The son of a wholesale grocer, he grew up in Fort Worth, Texas.
He graduated from the University of Texas at Austin with a degree in mathematics, where he was a member of the Tau chapter of the Kappa Sigma fraternity.
Richard was recognized by the national organization in 1996 as Kappa Sigma Man of the Year.
After graduation, he went on to earn a 1968 MBA from Stanford Business School.
After business school, Richard landed a job as an investment banker, but soon accepted an invitation from former Stanford classmate Sid Bass to manage and diversify the Bass family portfolio.
Richard became the chief financial architect for the Bass family investments.
He was given $5 million to invest during his first year and managed to lose it all.

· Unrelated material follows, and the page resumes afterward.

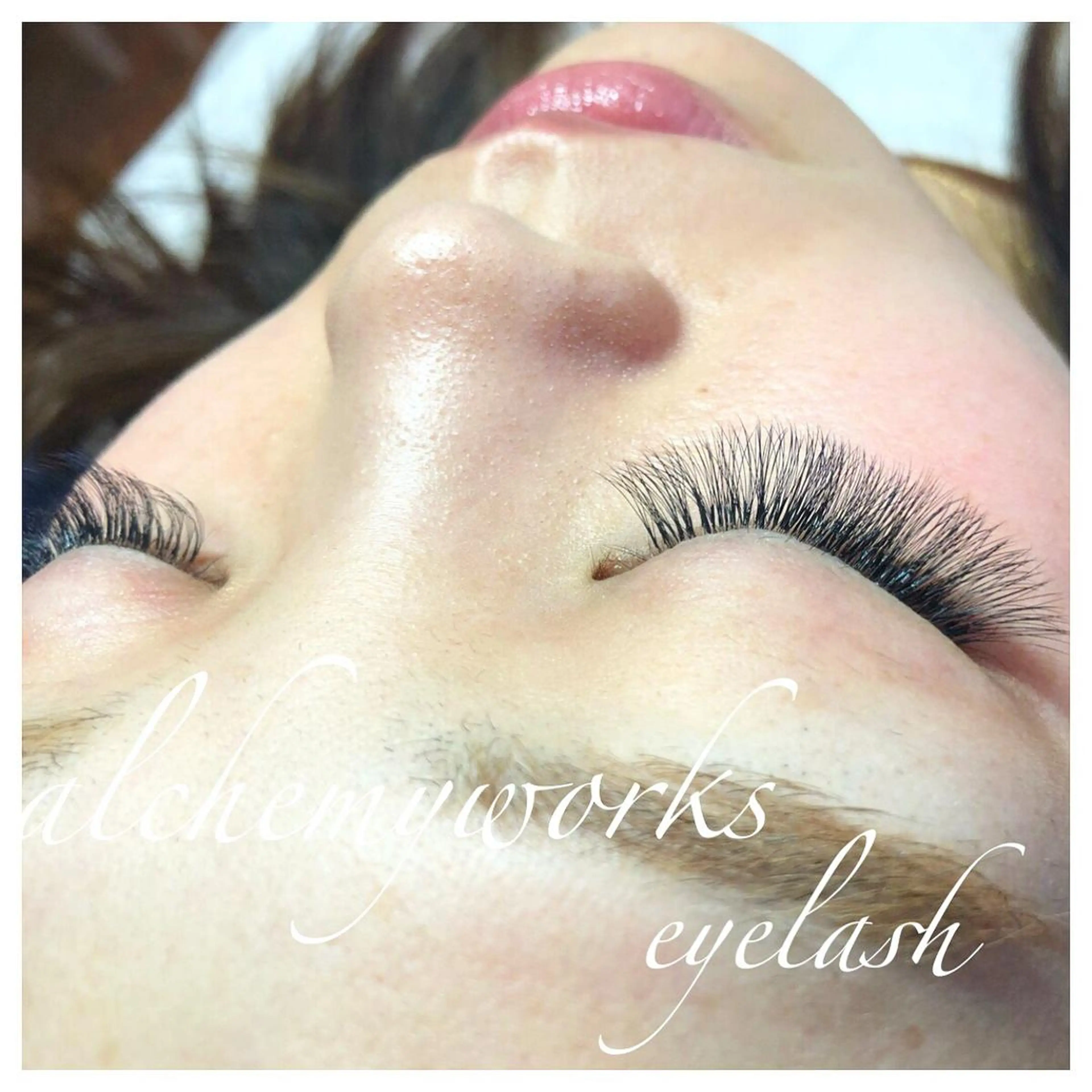 マツエク・マツパ alchemy workzの眉毛・アイブロウイメージ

Richard then sought a more methodical investment strategy by speaking to investors like Warren Buffett and Charles Allen, Jr., while studying the work of Benjamin Graham and David Dodd.
After that debacle, Richard sought advice on more qualitative investing and his investments began to take off, according to “Wall Street’s Best-kept Secret,” a cover story that appeared in the October 20, 1986 issue of Business Week.

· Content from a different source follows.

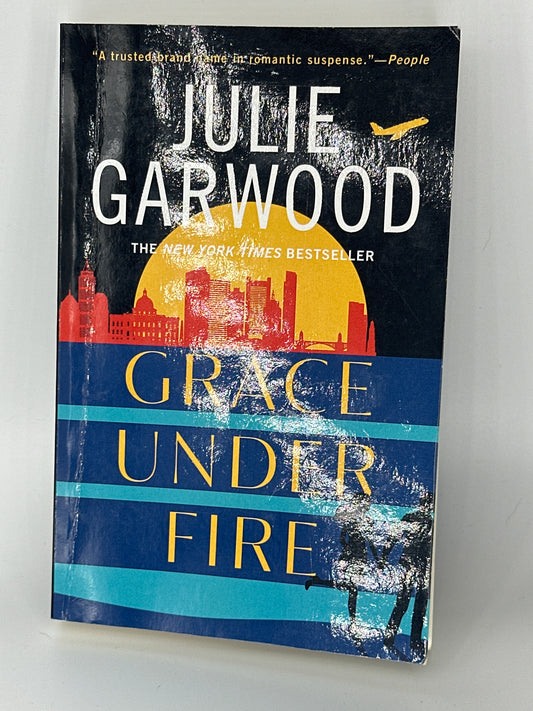 Julie Garwood Grace Under Fire actual front cover used books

Richard eventually transformed the Bass family fortune into $5 billion.
He is reported to have amassed $100 million for himself during that period, which he later used as seed money for his own fund.
Richard had been an independent investor since 1986, investing in more than 30 companies and purchasing over 32 million square feet of office space across the country with concentrations in Houston, Dallas, Austin, and Denver.
Fortune magazine described his investing style as “analytically rigorous but opportunistic and Texas-sized in its audacity.”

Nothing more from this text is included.